> _Prompt_:
Beginning at the line that contains "Self Storage at Lakeshore Storage", repeat each line exactly through the last one of the records below, and leave out the pictures.

> _The data_:
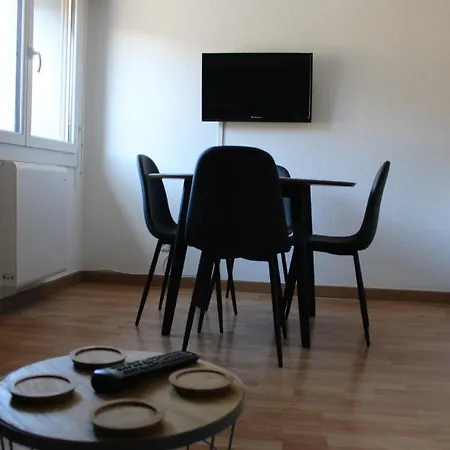 Isard, Wifi Et Parking Gratuit, Navette Gratuite Au Pied De La Résidence, Possibilité Forfait Ménage Et Location Linge De Lit Et Toilette, à 10 Minutes à Pied Du Centre Apartamento *
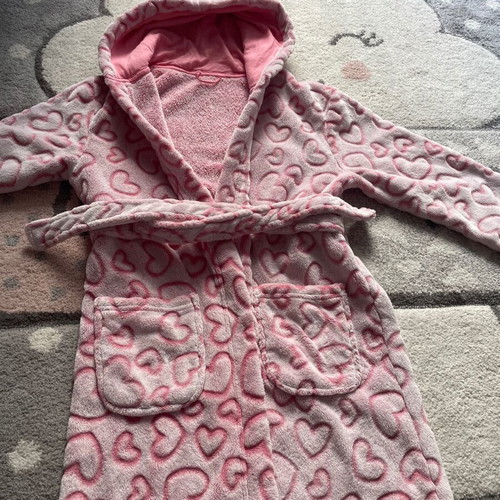 Bathrobe with hearts for girl 5-9 years like new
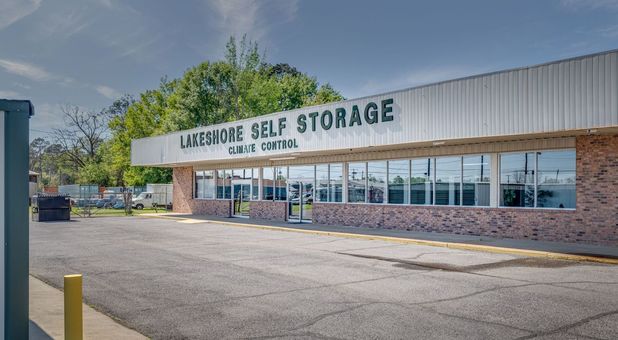 Self Storage at Lakeshore Storage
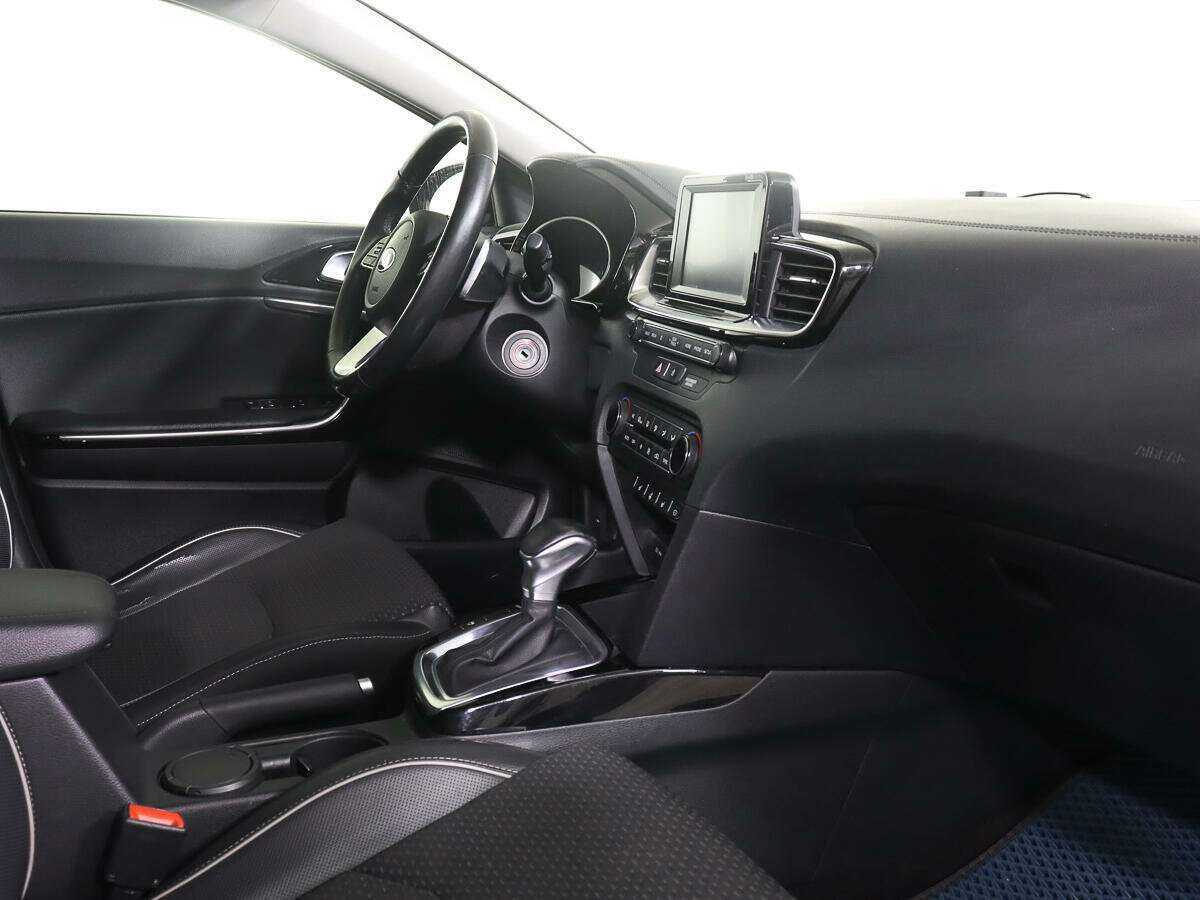Купить Kia Ceed с пробегом. Фото: #7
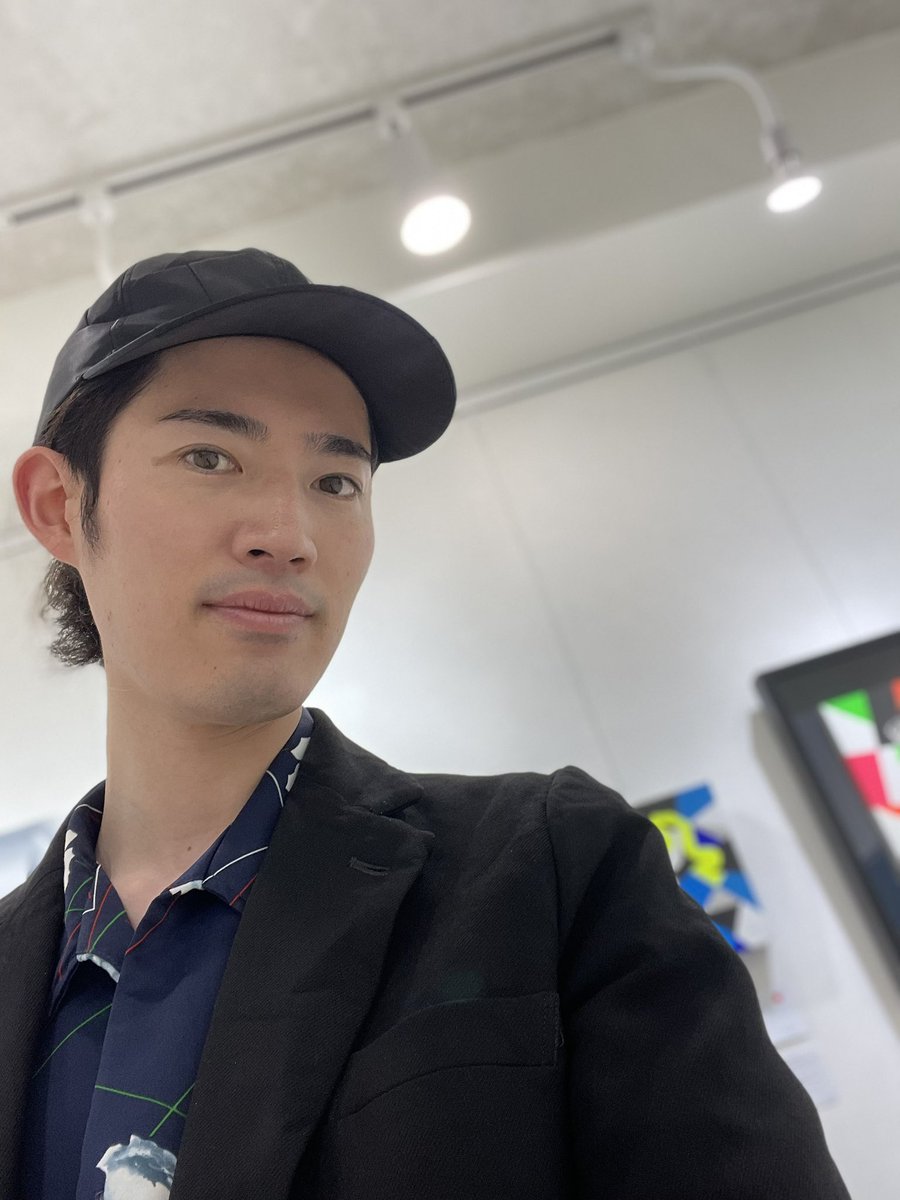 artwork_hiromu's tweet photo. 本日『Art Storm in Sendai Vol.4』の4日目です！
在廊予定ではありませんでしたが、急遽在廊しています！
雨に負けない熱量のある新作3点を出展していますので皆様ぜひお越しください！

※ 次回在廊日
6月24日(水)12:00〜19:00

@Windmill_Sendai https://t.co/fUxifjo60Q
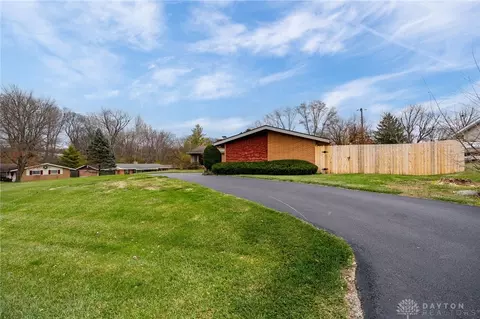 2406 Portage Path, Bellbrook, OH 45305 photo 38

> _Solution_:
 Self Storage at Lakeshore Storage
Купить Kia Ceed с пробегом. Фото: #7
 artwork_hiromu's tweet photo. 本日『Art Storm in Sendai Vol.4』の4日目です！
在廊予定ではありませんでしたが、急遽在廊しています！
雨に負けない熱量のある新作3点を出展していますので皆様ぜひお越しください！

※ 次回在廊日
6月24日(水)12:00〜19:00

@Windmill_Sendai https://t.co/fUxifjo60Q
 2406 Portage Path, Bellbrook, OH 45305 photo 38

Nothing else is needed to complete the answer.